Onlangs mocht ik een uitvaart voorbereiden met een lieve alleenstaande dame die dicht tegen haar levenseinde aan zat. Ze vond het fijn mij te spreken over haar wensen, praktische zaken maar zeer zeker ook gevoelskwesties. Ze had geen kinderen en deelde haar gevoelens met enkele vrienden en uiteindelijk ook met mij. Dat was, voor mij, een heel bijzondere ervaring en mooi om mee te mogen maken.
Maar…hoe is het om te weten dat je binnen onafzienbare tijd gaat sterven? Welke processen gaan er aan vooraf tussen je verstand en je hart? Ben je bang om te sterven? Of is sterven alleen maar achterlaten wat zo vertrouwd voelt?

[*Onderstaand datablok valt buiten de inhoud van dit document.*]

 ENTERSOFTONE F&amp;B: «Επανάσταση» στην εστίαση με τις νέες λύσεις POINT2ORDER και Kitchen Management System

Veel vragen waar geen algemeen antwoord op te vinden is. Voor iedereen is dat uiteraard een persoonlijke kwestie. Zo uniek als we zijn in ons leven, zo uniek zijn we ook in onze dood.

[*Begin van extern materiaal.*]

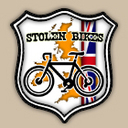 Automated Twitter Account of @stolenbikes_uk, tweets all stolen bike reports from our website.
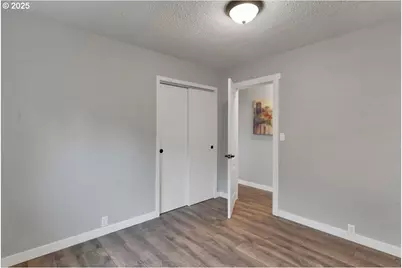 712 12th Ave, Sweet Home, OR 97386 - Photo 21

Er is altijd één iets wat me opvalt in zulke gesprekken: de tijd van woede, verdriet en onrust is meestal voorbij. Terminale mensen zijn er vaak helemaal klaar voor om te sterven. Het geeft eerder rust dan onrust, te weten dat je gaat sterven.

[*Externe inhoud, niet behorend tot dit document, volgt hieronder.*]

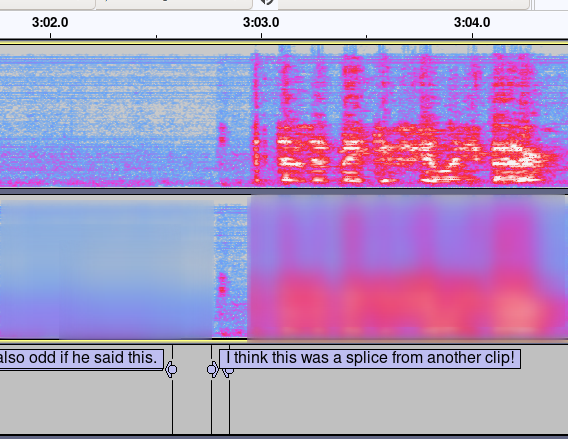 vince_audio_spec_10.png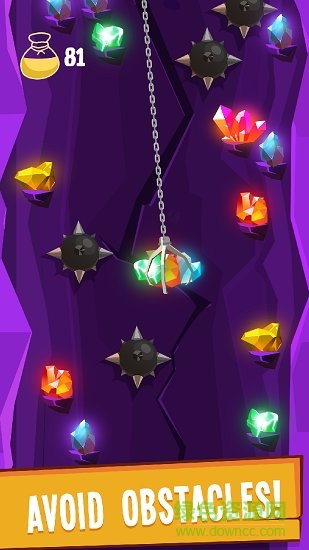 掏礦達人手機版 v1.1.0 安卓版 3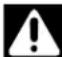 Rinnai RL75iP - Safety Definitions - 2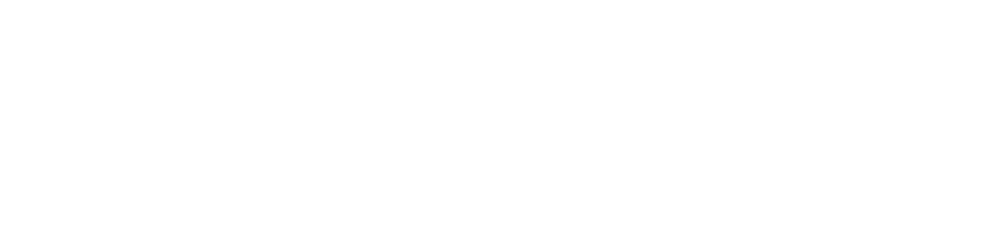 J.B. Stark Financial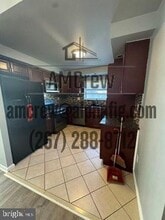 9358 Hoff St in Philadelphia, PA - Building Photo - Building Photo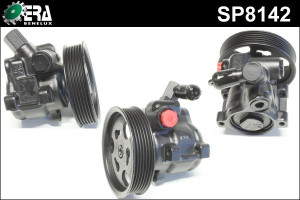ERA Benelux SP8142 - Hydraulikpumpe, Lenkung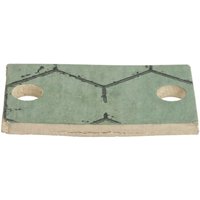 Dichtring, Abgasrohr BOSAL 256-262 Dichtring, Abgasrohr BOSAL 256-262 von Bosal
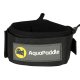 Safety Cord Leash for SUP Boards, 3m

Als (hopelijk) gezond persoon kan ik me hier weinig bij voorstellen. Het is toch op z’n minst akelig om te weten dat je dood gaat? Zo’n benauwd en onbestemd gevoel in je buik wat je plotseling doet beseffen dat het leven ook voorbij gaat. Snel stop je dat gevoel weg; je wilt er niet aan denken.
Voor de stervende medemens lijkt dat toch anders te zijn. Het verdriet en besef van sterven is geweest. Er zijn al tranen gevloeid, meestal samen met de (aankomende) nabestaanden. Diepe onderlinge gesprekken zijn gevoerd en/of praktisch nazorgzaken zijn geregeld en/of opgeschreven in het “Persoonlijk Wensenboekje”.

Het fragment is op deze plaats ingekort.